* **Task brief**
Without the pictures, write the listing out again exactly as it appears.
[Data segment — start]
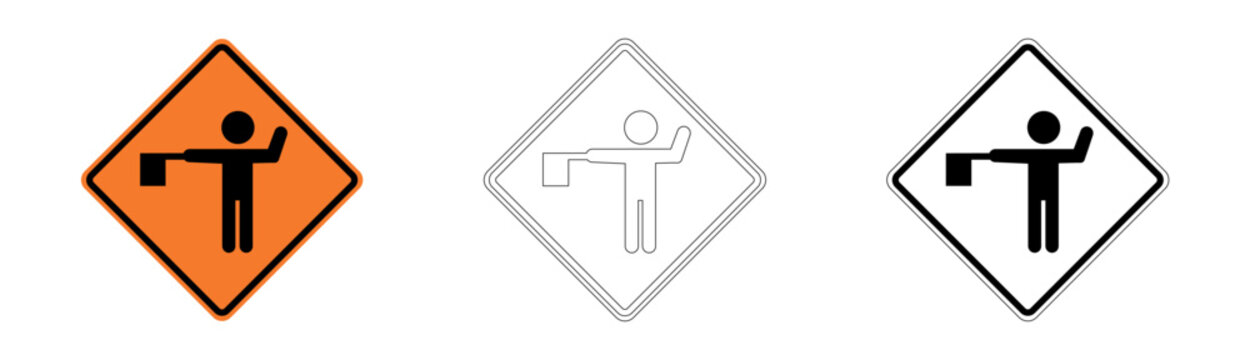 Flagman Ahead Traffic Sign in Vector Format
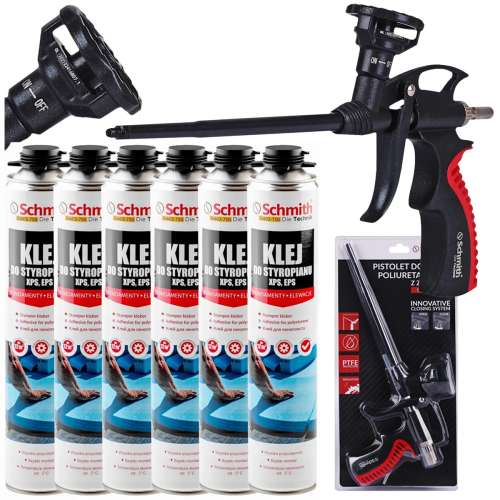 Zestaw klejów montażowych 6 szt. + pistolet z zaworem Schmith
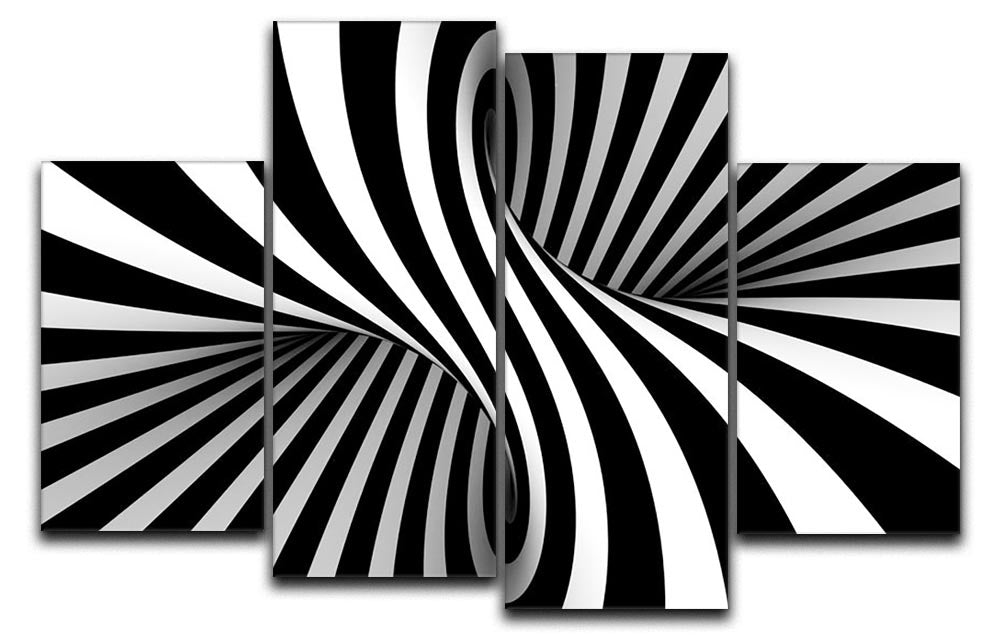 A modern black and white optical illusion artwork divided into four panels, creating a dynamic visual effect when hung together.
[Data segment — finish]
* **Answer to this exercise**
 Flagman Ahead Traffic Sign in Vector Format
 Zestaw klejów montażowych 6 szt. + pistolet z zaworem Schmith
 A modern black and white optical illusion artwork divided into four panels, creating a dynamic visual effect when hung together.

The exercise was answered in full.